Terry McGee wrote:Getting back to the general notion of apprenticeships, it seems to me that it's not a generally viable thing, for the many reasons already proffered. Imagine you live in Cincinnati, and decide to do an apprenticeship with me in Australia. You drop your day job, fight with the immigration people over a visa, sever your family and friendship ties, fly halfway round the world, find somewhere to stay in our retirement/coastal resort environment, get paid a pittance, learn a lot, fly home, find somewhere to live again, find another day job to recapitalise, slowly build your resources as funds allow, finally get it all together having rather forgotten a lot of what you've learned, and thus take a while to pick up where you'd left off, financially, emotionally, flutemakerly. Not attractive.
It did strike me some time back that a better approach might go like this. You stay in the day job in Cincinnati, you stay in your current house, stay with your friendships and relationship. You undertake an i-apprenticeship with me (or another maker, but I'll get to that!) I send you some written material on whatever the topic-de-jour is. You try it out, fail miserably, come back to me and we work out why. Once we're over that hurdle, we move on to the next topic-de-jour. There will be plenty of them!

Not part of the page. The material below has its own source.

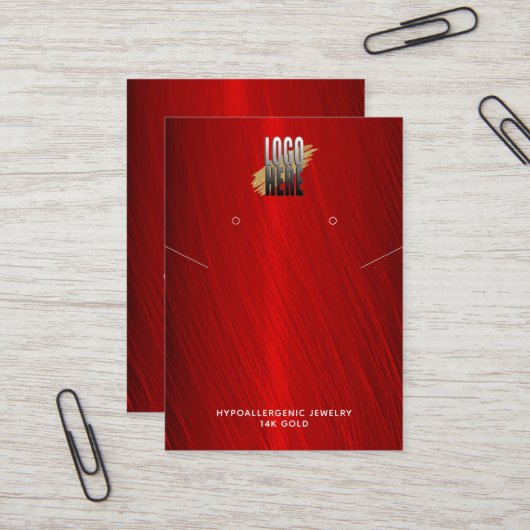 Red Earning ketting Display Logo sociale media  Visitekaartje (Voorkant / Achterkant in situ)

Success of course breeds confidence, and finally you have a product that you can be proud of. So discussion turns to marketing, and making it better. Only when you're starting to earn an income do you drop the day job.
Now, what's the catch, you ask, and why did I say we'd come back to the question of makers? Whoever took this on at the maker end would need to prepare an awful lot of information. For that to be worthwhile (or at least not too big a drain), the maker would need quite a few i-apprentices. And the information packages would not be cheap.
But cheaper I'd guess than a return flight to Australia!
Thanks for sharing your perspective, Terry.
I happen to live in Ohio not too far from Cincinnati, so it wasn't hard to imagine.
The i-apprenticeship type of situation sounds like a good one. For me, the in-person apprenticeship idea is appealing because of issues like the reamers which boggle my mind a fair bit, but you guys are right about the impracticality of modern in-person apprenticeships. I work in the metals industry so I can understand the values of different alloys, but I don't have experience with machining at this point so I'll need to find a good machinist friend like Geoffrey Ellis did.
Regardless, I have a few years still before I will be at the stage of life where I can afford the equipment, time, and space for wooden flute-making. (I have done bamboo flute-making in the past. But now that I am in Ohio, I don't have access to as much space or bamboo as I did while in Texas.) It is because of my bamboo flute-making past that I daydream about the idea of an apprenticeship but in reality, I haven't even owned a wooden flute of my own yet... (Though I'm 5 months in on an order for a flute from Terry.)
All that aside, I'll keep watching for new flute-makers as they come on the horizon.